Valle-Inclán hizo del esperpento una poética, una manera de hacer teatro reproduciendo la realidad española desde el reflejo de los espejos deformantes. ¿Pero qué sucede cuando estos espejos no motivan la poética de una ficción, sino el «modus creandi» de una realidad?

Estrenamos 2016 con una noticia que casi ningún periódico recogió: la masacre de Trípoli, donde el Estado Islámico ejecutó a 300 inmigrantes africanos. Y cerramos el año en Estambul con el atentado en una discoteca que dejó 39 muertos.

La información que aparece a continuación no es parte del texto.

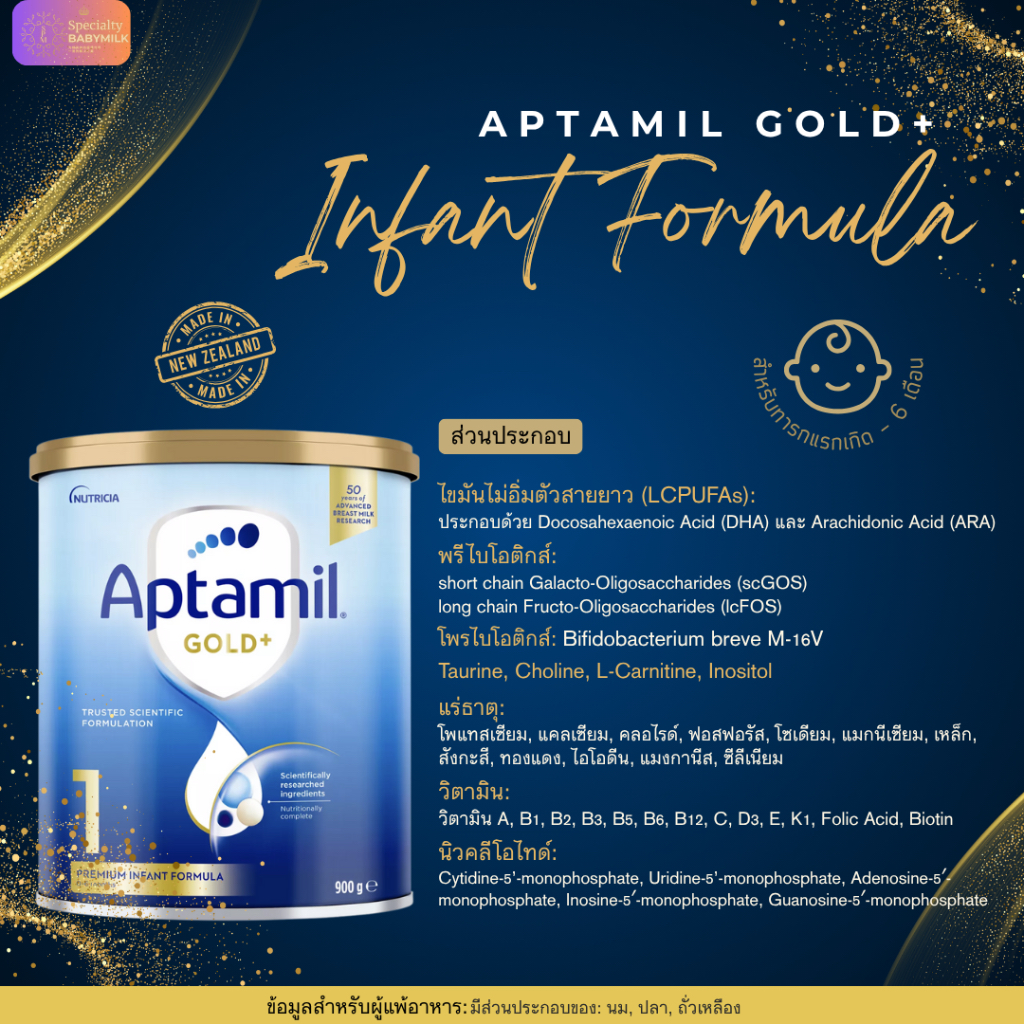 Aptamil® Gold+ 1 นมผงทารกสูตรพรีเมียมนำเข้าจากออสเตรเลีย สูตร 1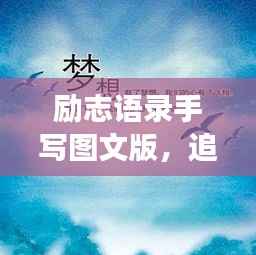 勵志語錄手寫圖文版，追尋夢想的筆觸與力量，激發無限潛能！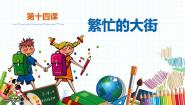 小学美术人教版一年级上册第14课 繁忙的大街课前预习ppt课件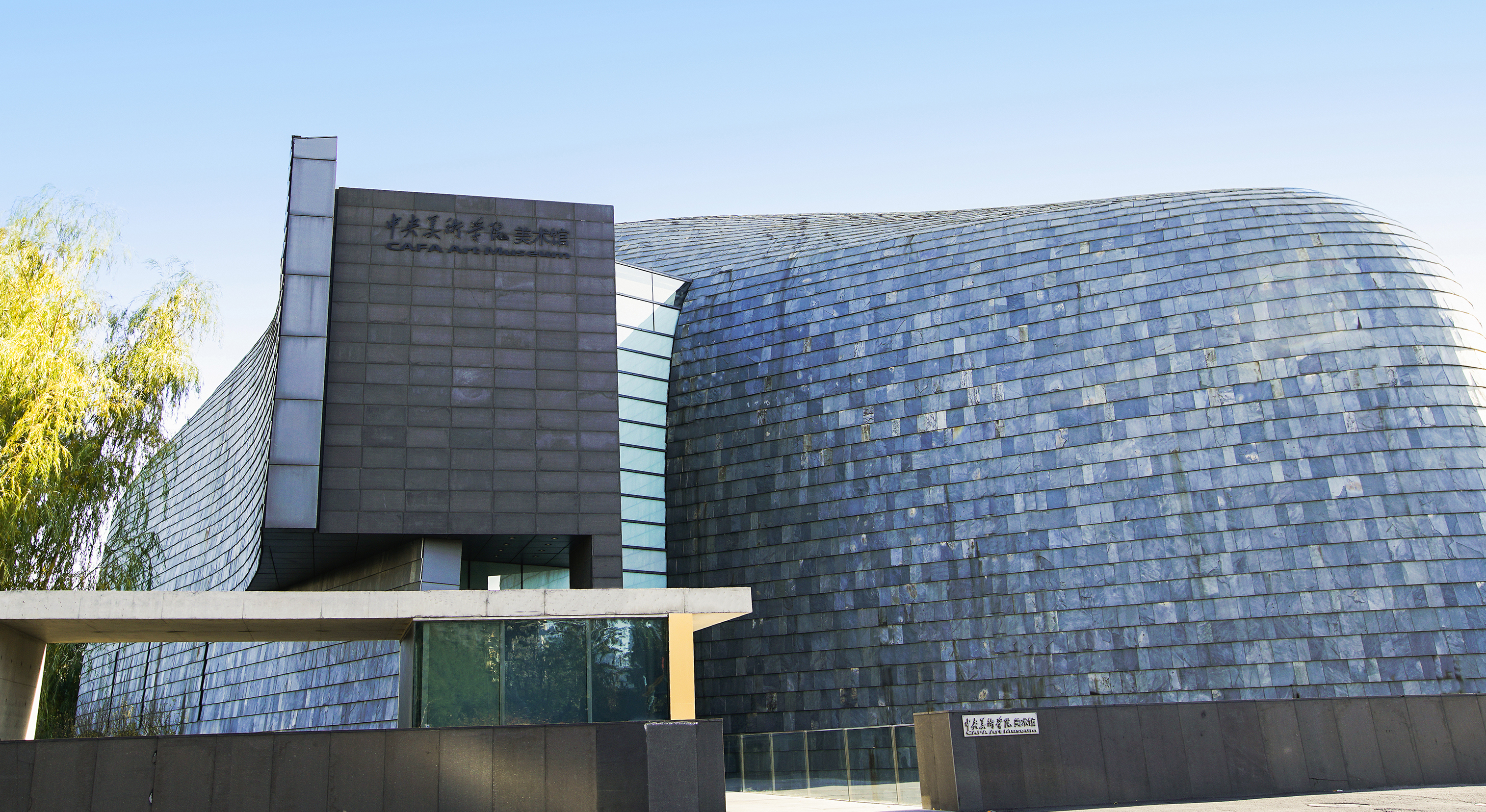 中央美术学院美术馆 CAFA Art Museum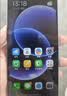 小米（MI）Redmi 17C 6.88英寸护眼大屏 120Hz高刷 指纹识别 4+64 海风蓝 红米手机 抗摔耐用 老年机2026新款 实拍图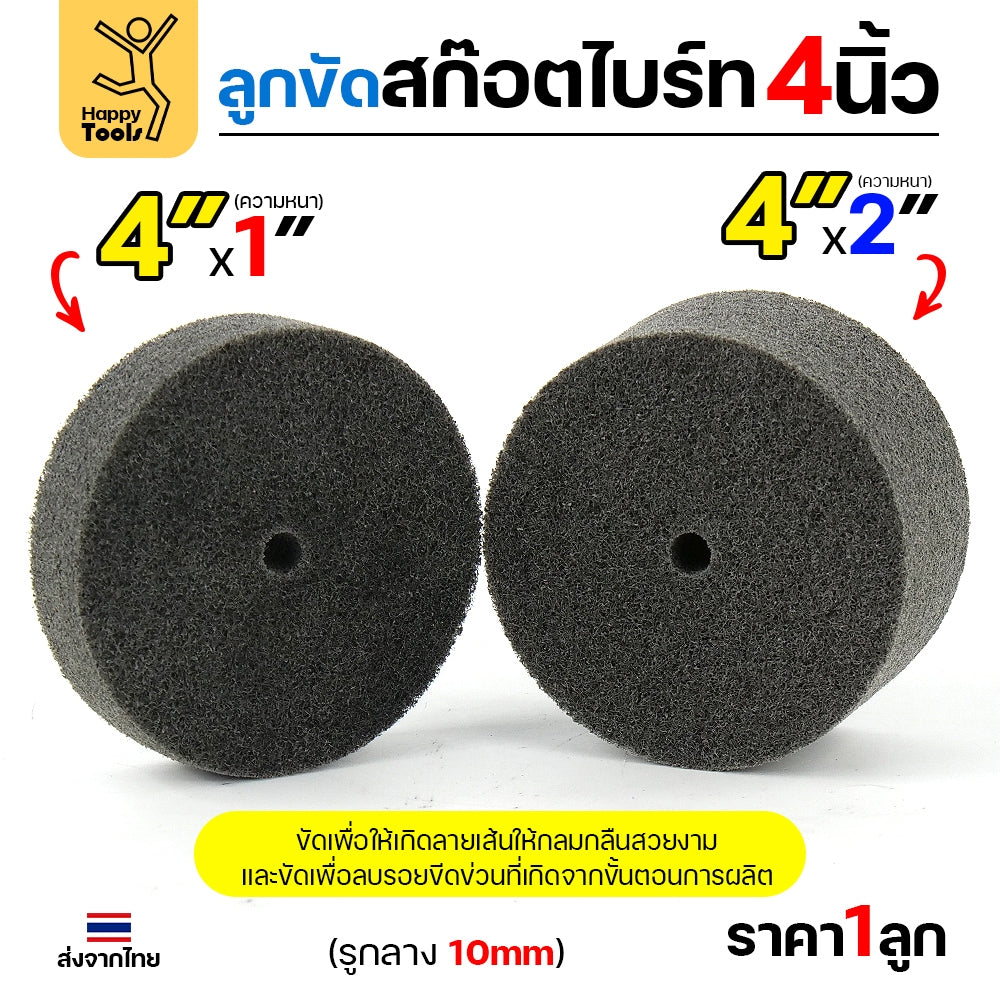 ลูกขัดไฟเบอร์ ลูกขัดไฟเบอร์เทา (ตัวหนา) ขนาด 4 นิ้ว 7P Grit180 ลูกขัดใยสังเคราะห์ ลูกขัดสีเทา ไฟเบอร์เเทา
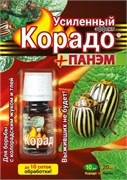 Инсектицид от колодарского жука и тли Корадо 10мл + Панем 20мл, набор 86763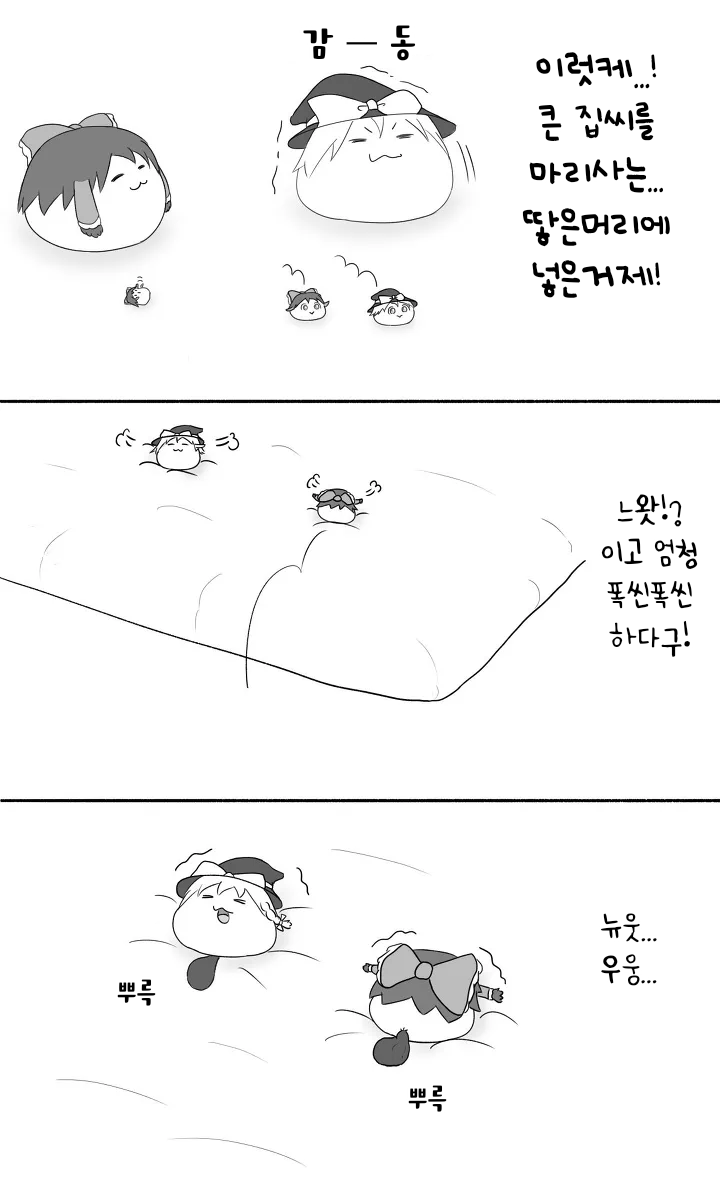 무제334.png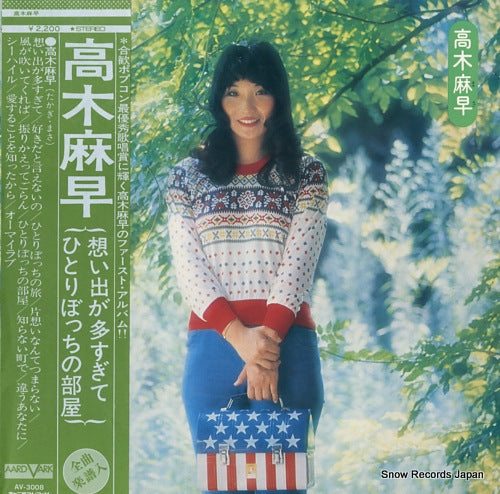 TAKAGI, MASA masa takagi AV-3008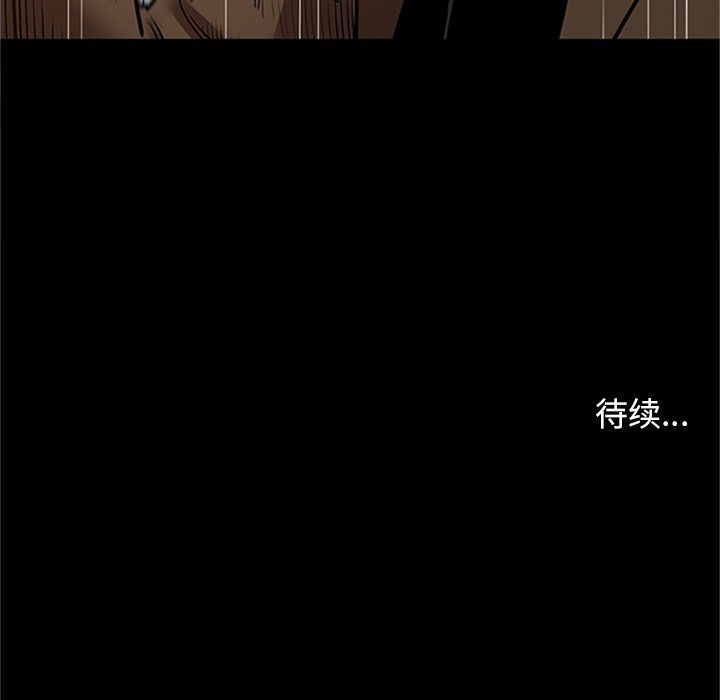 七公主 七公主:第43话 第78页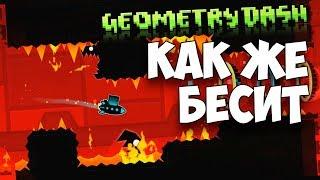 DEADLOCKED за 1 день, ШОК КАНТЕНТ | Geometry Dash 2.1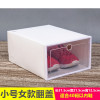 Thickened transparent shoe box Shoes box free combination home daily men's shoes storage box dustproof plastic shoe box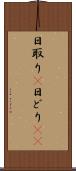 日取り(P) Scroll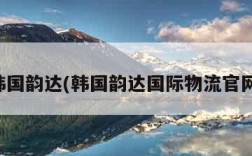 韩国韵达(韩国韵达国际物流官网)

Durante 2016, un tercio del mundo sufrió cientos de ataques terroristas que suman 21.224 homicidios y 26.654 heridos.

La noche de un jueves, una multitud se aglomera en el Paseo de los Ingleses para disfrutar de los fuegos artificiales. La alegría está en plena ebullición cuando el Día Nacional de Francia es puesto ante al espejo deformante del terrorismo. La muñeca de una niña quedó huérfana sobre el pavimento, evidencia del esperpento. Y una expresión cultural es grotescamente deformada hasta ser una lograda obra del horror. Hay en la matanza de Niza una estética espeluznante, una poética de la muerte que no debemos ignorar.

Otro tanto podría decirse del degollamiento de cuatro futbolistas en la ciudad siria de Raqqa. Entre el esperpento de Raqqa y aquel otro perpetrado también por el Estado Islámico a golpe de mazos en el Museo de Mosul no hay mucha distancia. Las esculturas del siglo VIII a.C. del Mosul y las víctimas de Raqqa también fueron forzadas a posar frente al grotesco espejo del terrorismo.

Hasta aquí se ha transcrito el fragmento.